Śrī Chaitanya Sāraswat Maṭh derme çatma çok sade bir ashram olarak
başladı ama şimdi gelişerek Śrīla Guru Mahārāj'ın ilahi bir
şekilde tasavvur ettiği ve bu ayette ifade edilen haline dönüştü,
śrīmach-chaitanya-sārasvata-maṭhavara udgīta-kīrtir jayaśrīṁ
bibhrat sambhāti gaṅgā-taṭa-nikaṭa-navadvīpa-kolādrirāje
yatra śrī-gaura-sārasvata-mata-niratā gaura-gāthā gṛṇanti
śrīmad-rūpānuga śrī-kṛtamati-guru-gaurāṅga-rādhā-jitāśā
(Śrīla Bhakti Rakṣak Śrīdhar Dev-Goswāmī Mahārāj)
Bu ayette Śrīla Guru Mahārāj şöyle ifade ediyor, burada Ganj kıyısındaki bu çok güzel ashramda Śrī Śrī Guru Gaurāṅga Gāndharvā Govindasundar, çok mutlu bir şekilde mahāprasadama hürmet gösteren, Guru ve Vaiṣṇava'ya hizmet eden, ve dokuz çeşit adanmışlık uygulamasını—duyma, zikir ve Lord'un ilahi Adını ve Oyunlarını yüceltme, hatırlama, onurlandırma, ibadet etme, dua etme, hizmet etme, arkadaş olma ve Lord'a tümüyle teslim olma—yerine getiren teslim olmuş ruhların hizmetlerini kabul edecektir.
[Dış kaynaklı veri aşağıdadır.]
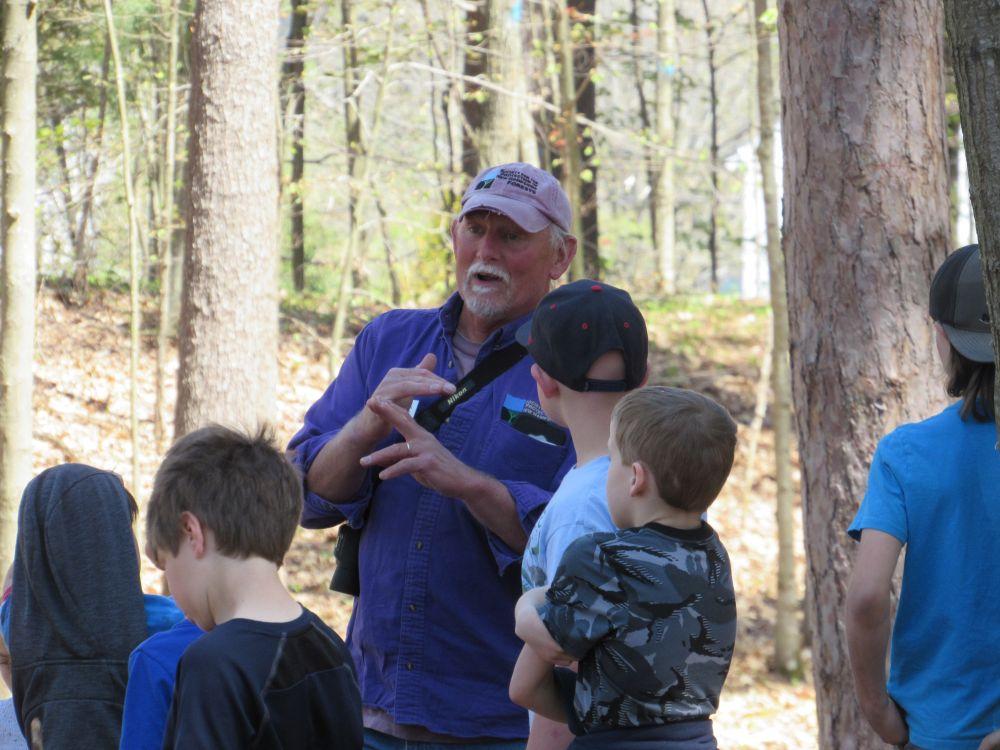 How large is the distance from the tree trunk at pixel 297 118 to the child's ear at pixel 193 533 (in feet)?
30.5

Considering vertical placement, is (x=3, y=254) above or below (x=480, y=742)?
above

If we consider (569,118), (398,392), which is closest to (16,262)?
(398,392)

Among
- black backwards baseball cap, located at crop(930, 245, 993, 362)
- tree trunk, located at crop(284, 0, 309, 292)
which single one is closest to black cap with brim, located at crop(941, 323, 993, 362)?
black backwards baseball cap, located at crop(930, 245, 993, 362)

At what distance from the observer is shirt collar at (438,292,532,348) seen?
2842 mm

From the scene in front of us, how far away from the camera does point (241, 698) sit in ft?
6.42

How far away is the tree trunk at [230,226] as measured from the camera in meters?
6.87

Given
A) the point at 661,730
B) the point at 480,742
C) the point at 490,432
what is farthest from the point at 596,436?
the point at 480,742

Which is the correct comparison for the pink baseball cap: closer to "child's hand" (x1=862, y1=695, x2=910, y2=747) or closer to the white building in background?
"child's hand" (x1=862, y1=695, x2=910, y2=747)

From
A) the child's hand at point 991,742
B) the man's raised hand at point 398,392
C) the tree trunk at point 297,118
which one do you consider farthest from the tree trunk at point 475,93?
the child's hand at point 991,742

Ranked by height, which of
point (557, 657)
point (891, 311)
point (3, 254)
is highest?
point (3, 254)

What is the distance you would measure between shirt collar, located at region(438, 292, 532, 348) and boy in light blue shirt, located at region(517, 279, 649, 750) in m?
0.31

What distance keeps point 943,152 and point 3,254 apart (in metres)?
4.48

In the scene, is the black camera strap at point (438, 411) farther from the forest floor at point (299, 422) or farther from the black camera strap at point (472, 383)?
the forest floor at point (299, 422)

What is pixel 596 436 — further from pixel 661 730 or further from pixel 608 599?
pixel 661 730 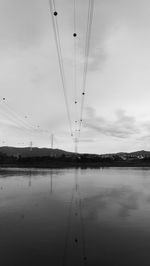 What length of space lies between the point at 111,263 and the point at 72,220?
29.3 feet

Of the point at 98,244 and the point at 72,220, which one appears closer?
the point at 98,244

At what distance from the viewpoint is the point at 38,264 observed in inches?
473

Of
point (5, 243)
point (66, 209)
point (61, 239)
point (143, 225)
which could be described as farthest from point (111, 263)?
point (66, 209)

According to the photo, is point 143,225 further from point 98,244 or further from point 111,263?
point 111,263

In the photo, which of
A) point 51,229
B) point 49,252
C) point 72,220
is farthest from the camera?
point 72,220

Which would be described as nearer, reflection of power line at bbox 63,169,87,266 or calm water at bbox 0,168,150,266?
calm water at bbox 0,168,150,266

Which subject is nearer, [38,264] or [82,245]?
[38,264]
Śrīla Guru Mahārāj bu ‘Śrī Chaitanya Sāraswat Maṭh’ adını verdi, ve bu çok güzel. Maṭh demek maṭhanti vasanti chhātra yatra maṭha,
dindar öğrencilerin yaşadığı yer demektir. Dolayısıyla ‘Śrī
Chaitanya Sāraswat Maṭh’, Śrī Chaitanya Mahāprabhu'nun ve Bhagavān
Śrīla Bhakti Siddhānti Saraswatī Goswāmī Ṭhākur'un öğrencilerinin
yaşadığı ve eğitim aldıkları yer anlamına gelir. Biz Śrīla Guru Mahārāj'ın
kendi konuşmalarından pek çoğunda, “Ben de öğrenciyim,” dediğini
duyduk. Öğrenci her zaman ustasını dinleyen demektir. Dolayısıyla Śrī
Chaitanya Sāraswat Maṭh, her zaman Śrīman Mahāprabhu, Śrīla Saraswatī
Ṭhākur ve
Śrīla Guru Mahārāj'ımızı dinlediğimiz yer anlamına gelir.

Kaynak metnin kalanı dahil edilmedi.